Hanna has been open about his mental health struggles in the past, and admits there was a low period before he began making his third album.

“Slowly, I was not being able to look at myself in the mirror anymore – and every time I’d catch myself in the mirror brushing my teeth, or whatever, I started noticing that my eyes were getting less bright,” he reveals. “Literally, the light was going out of my eyes. So the question was do you make a record that’s like Katrina and the Waves and dance your way out of the gloom? Or do you ask the question: Why is the light going out of my eyes? So I guess that’s what we decided to do.”

Hanna came to prominence on the Irish indie scene as an architect of quirky indiepop in bands like Grand Pocket Orchestra and has played various in numerous other acts over the years (he is still a member of impressive art-pop band Autre Monde). His songwriting prowess first came to the fore in thrilling fashion on his 2014 solo debut, Leafy Stiletto. Its follow-up, Frankly, I Mutate, may not have performed how he wanted it to from a commercial standpoint, but was another excellent collection of imaginative, sophisticated and singular indiepop songs.

This time – perhaps given the circumstances, or maybe with a sense of throwing caution to the wind – Hanna has inverted his musical compass once again for something more sultry and seductive.

That meant once again linking up with Frankly, I Mutate’s producer Daniel Fox, best known as bassist in Dublin noise-rockers Girl Band.
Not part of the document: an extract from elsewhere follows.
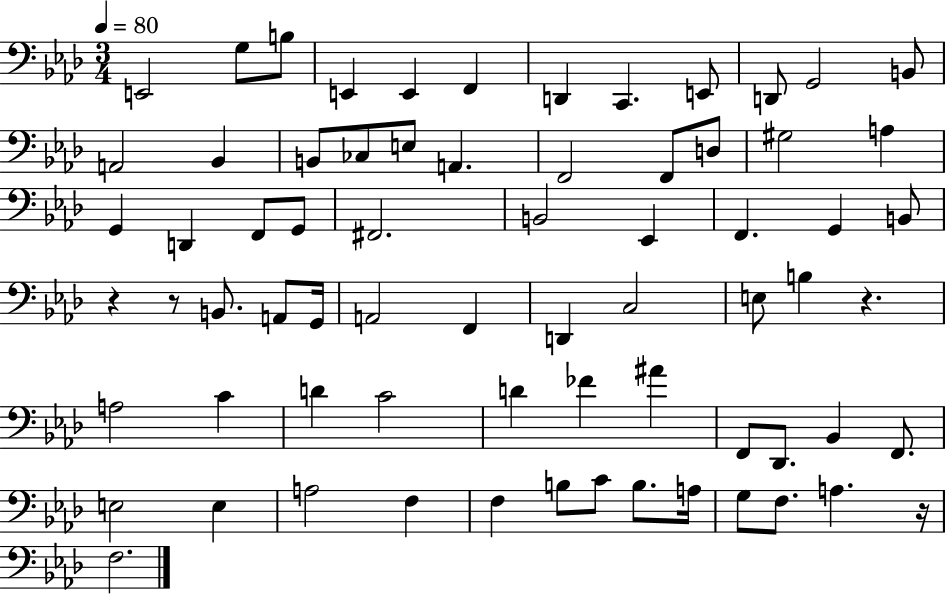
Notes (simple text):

He recalls their first meeting in JJ Smyth’s pub several years ago, and the instant realisation that they would work well together.
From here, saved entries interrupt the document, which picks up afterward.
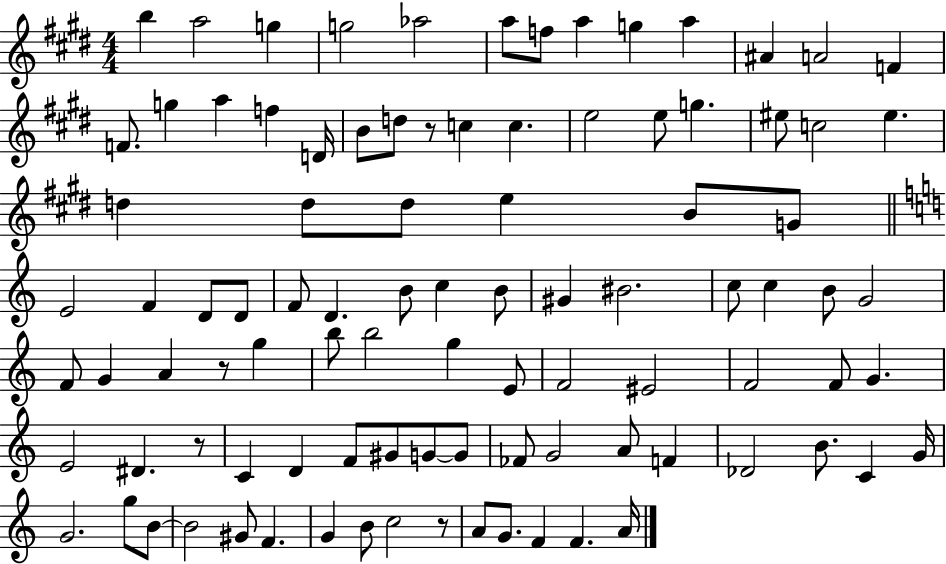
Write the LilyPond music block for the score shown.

{
  \clef treble
  \numericTimeSignature
  \time 4/4
  \key e \major
  b''4 a''2 g''4 | g''2 aes''2 | a''8 f''8 a''4 g''4 a''4 | ais'4 a'2 f'4 | \break f'8. g''4 a''4 f''4 d'16 | b'8 d''8 r8 c''4 c''4. | e''2 e''8 g''4. | eis''8 c''2 eis''4. | \break d''4 d''8 d''8 e''4 b'8 g'8 | \bar "||" \break \key c \major e'2 f'4 d'8 d'8 | f'8 d'4. b'8 c''4 b'8 | gis'4 bis'2. | c''8 c''4 b'8 g'2 | \break f'8 g'4 a'4 r8 g''4 | b''8 b''2 g''4 e'8 | f'2 eis'2 | f'2 f'8 g'4. | \break e'2 dis'4. r8 | c'4 d'4 f'8 gis'8 g'8~~ g'8 | fes'8 g'2 a'8 f'4 | des'2 b'8. c'4 g'16 | \break g'2. g''8 b'8~~ | b'2 gis'8 f'4. | g'4 b'8 c''2 r8 | a'8 g'8. f'4 f'4. a'16 | \break \bar "|."
}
“I’d gotten sick of being ‘wacky’ and I wanted to make a straight-up guitar record, like drivetime stuff – and that turned out to be Leafy Stiletto,” Hanna explains. “But when it came to doing Frankly, I thought okay, the strings need to come out, the brass needs to come out. And to make that kind of step, I kind of needed someone new. It needed to be a new dawn, as it were.

Rhythm section

“In the back of my mind, I was thinking I really wanna work with the Girl Band lads – wouldn’t it be cool if I could get them as my backing band, or something? It was real pie-in-the-sky stuff. Mind you, I got the rhythm section, in the end. So y’know, I’m halfway there.”
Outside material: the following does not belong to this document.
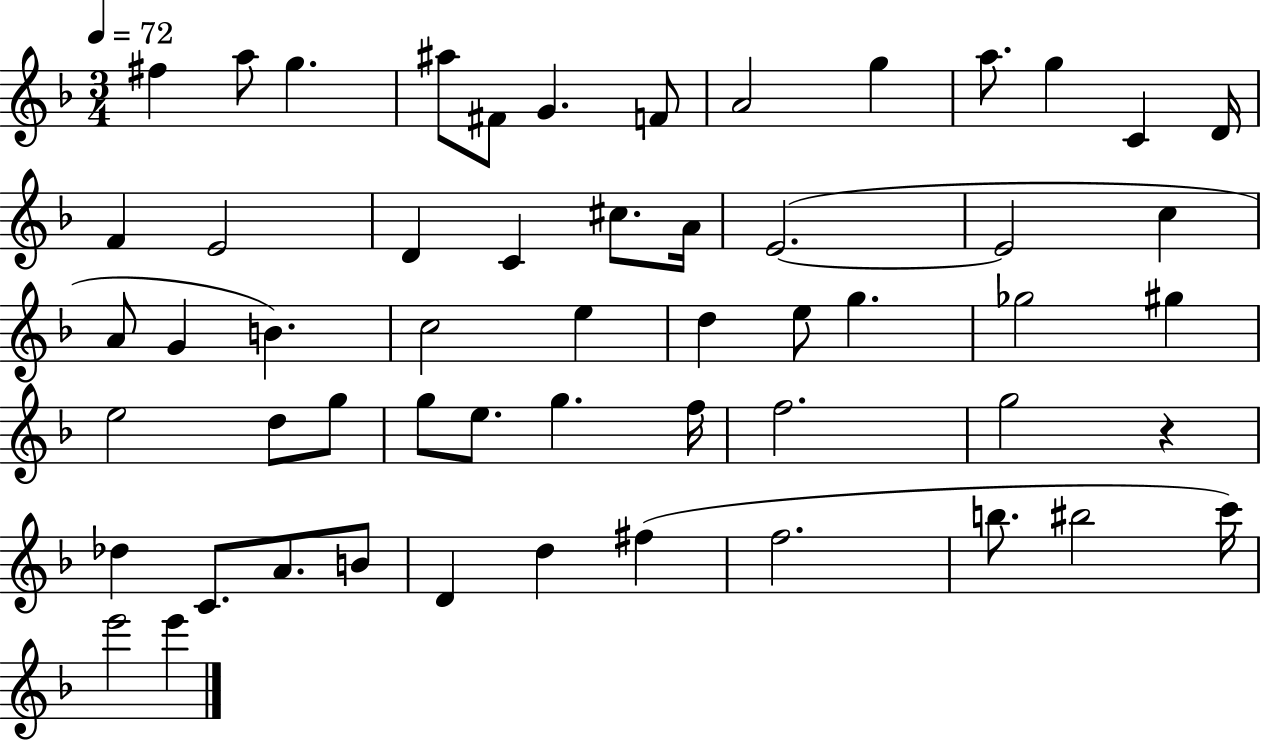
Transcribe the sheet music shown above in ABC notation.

Indeed, Fox and Girl Band drummer Adam Faulkner both play on The Hill, which was recorded in west Cork in May 2019. Hanna describes the album – which sounds very different to anything either he or Girl Band have done in the past – as "a distillation of many concepts that I had that I never really had the guts, in many ways, to use. In a couple of cases, some of the songs were ones I'd been sitting on for years, thinking 'There's not a place for any of these songs'. So thematically, that's why I love working with Daniel – he leans into the crazy."

It took until several days into the recording process for him to have a dawning realisation about the album’s overarching theme.

“When we made the record, I don’t feel that I had personally healed myself,” he admits. “Although we went in with the songs all written, thematically I wasn’t entirely certain of why all these strands were together on the record. It became almost like a mystery: why, for example, is a spoken word song about doing the washing mixed with an instrumental track that sounds like it’s out of an Italian cannibal movie? We were hitting the beers a lot while we were making this album, so we’d be fairly in the bag by 2am,” he adds, laughing.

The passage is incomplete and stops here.